=== Section Start ===
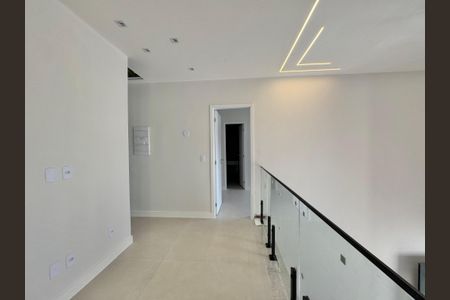 Casa de condomínio à venda com 180m², 4 quartos e 2 vagasHall Íntimo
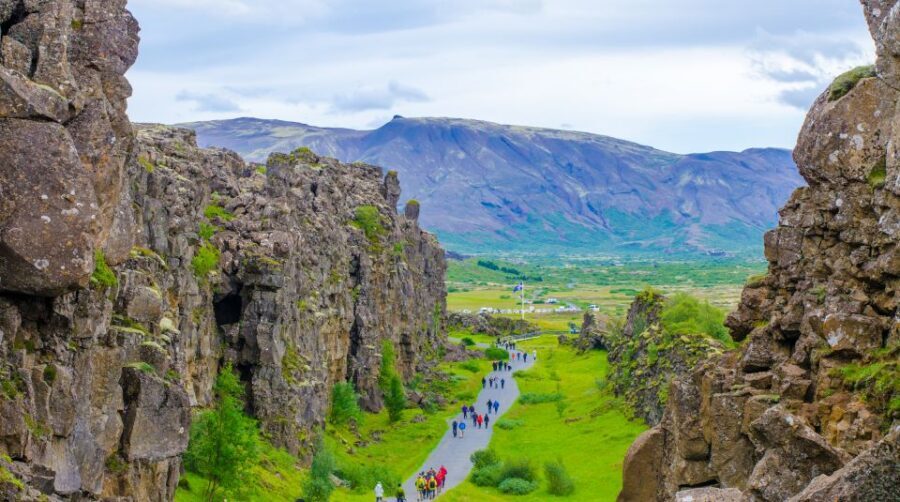 Reykjavik: Golden Circle Tour with Blue Lagoon Visit & Entry - Geysir Park and Strokkur: the eruption game you’ll actually win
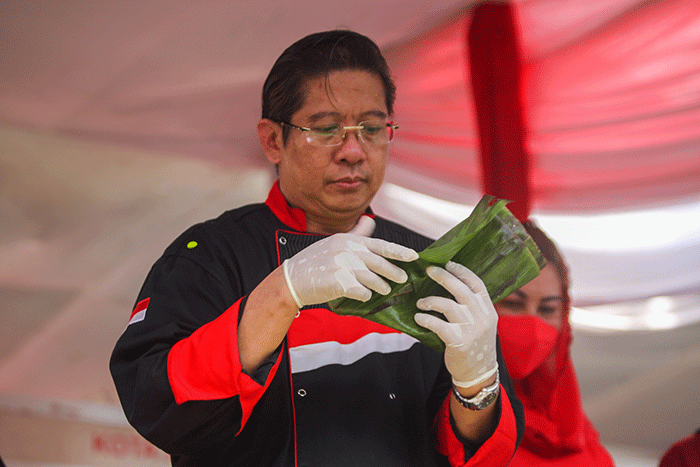 Dalam acara tersebut, chef Handry membuat masakan mulai dari botok, asinan betawi dan sup ikan gurame.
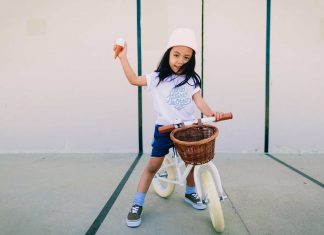 Quand votre enfant est trop cool pour l’école – Marques de mode que nous aimons pour les «Hypebabies» – MODE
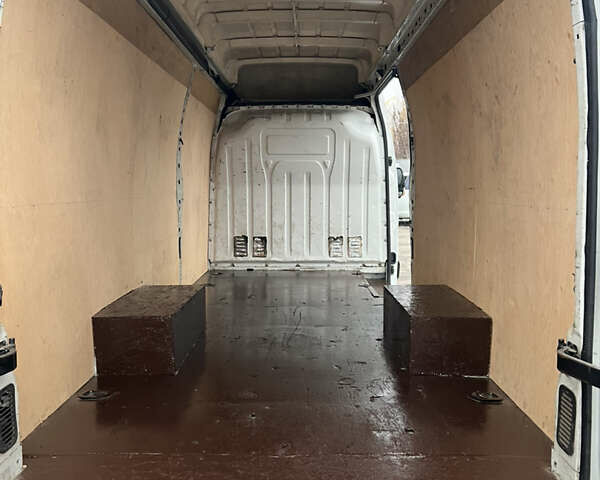 Білий Рено Мастєр, об'ємом двигуна 2.3 л та пробігом 600 тис. км за 15800 $, фото 13 на Automoto.ua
=== Section End ===
## Task brief
Print the listing word for word, but omit the pictures.

## Answer area
 Casa de condomínio à venda com 180m², 4 quartos e 2 vagasHall Íntimo
 Reykjavik: Golden Circle Tour with Blue Lagoon Visit & Entry - Geysir Park and Strokkur: the eruption game you’ll actually win
 Dalam acara tersebut, chef Handry membuat masakan mulai dari botok, asinan betawi dan sup ikan gurame.
 Quand votre enfant est trop cool pour l’école – Marques de mode que nous aimons pour les «Hypebabies» – MODE
 Білий Рено Мастєр, об'ємом двигуна 2.3 л та пробігом 600 тис. км за 15800 $, фото 13 на Automoto.ua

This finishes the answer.